The first of these were joggers. There were four of them who went inside Starbucks and ordered coffee and pies and sandwiches. This is an unserved market segment for your Sogo. The Senior MRx-er overheard two joggers complaining about how “alikabok” (dusty) the highway has become for jogging. But behind Sogo’s hotel building were long rows of motel units spread as in track and field shaped land area. The cemented pavement along the circumference of this area can offer joggers a quiet, “so-clean-so-good” jogging ground. Then, they can get their after-jogging breakfast at your coffee shop. Promotion can be also via your Sogo website, the social network and via e-mail marketing. This is a market segment that’s an almost zero-base investment opportunity for business growing.

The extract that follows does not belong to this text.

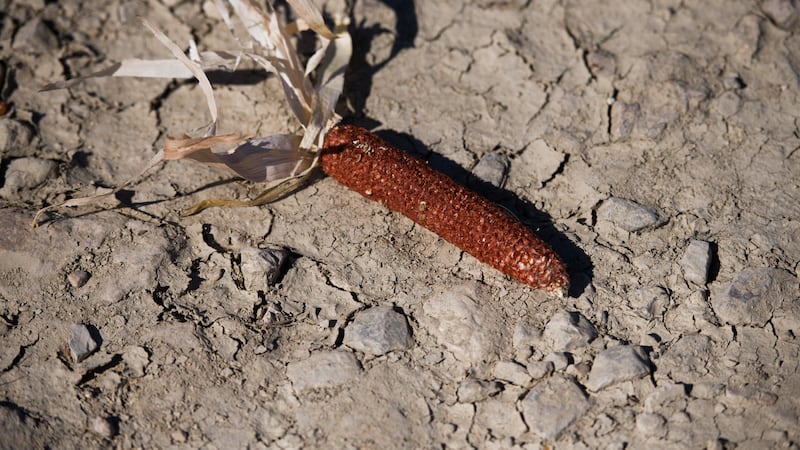 Uxmal, Irán, la sequía extrema y la desaparición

A second prospective customer segment is made up of office executives.  During that breakfast period, the Senior MRx-er saw four to five such executives waiting outside Starbucks before 8 a.m. However, only two waited till the opening. These executives are an underserved customer segment for your hotel. You can promote your coffee shop with them again via your website and the social network. If you can tie up with McCafe for this opportunity, you stand a better chance of drawing many of them away from Starbucks. As you know, McCafe has been successful in eating into the Starbucks market share by offering the same menu but at substantially lower prices.

A third prospective customer segment consists of graduating high school and freshmen students. During that same breakfast hours, they sat outside Starbucks in those chairs around Starbucks’ iron round tables. One or two of them sent inside to order a cup of coffee that the group of four to five shared. For solid food, they called an itinerant “taho” (soya drink) vendor. This is a segment also for Sogo’s coffee shop if it succeeds in tying up with McCafe or in having a McCafe-like place. The same inexpensive promo will work here, namely, via your Sogo website and using social network especially Facebook and Twitter.

In sum then, if you were to follow this process-driven business growing template, think of your hotel business as participating and prospectively participating in different market segments around your neighborhood and trade area. Model your thinking process after what we illustrated above.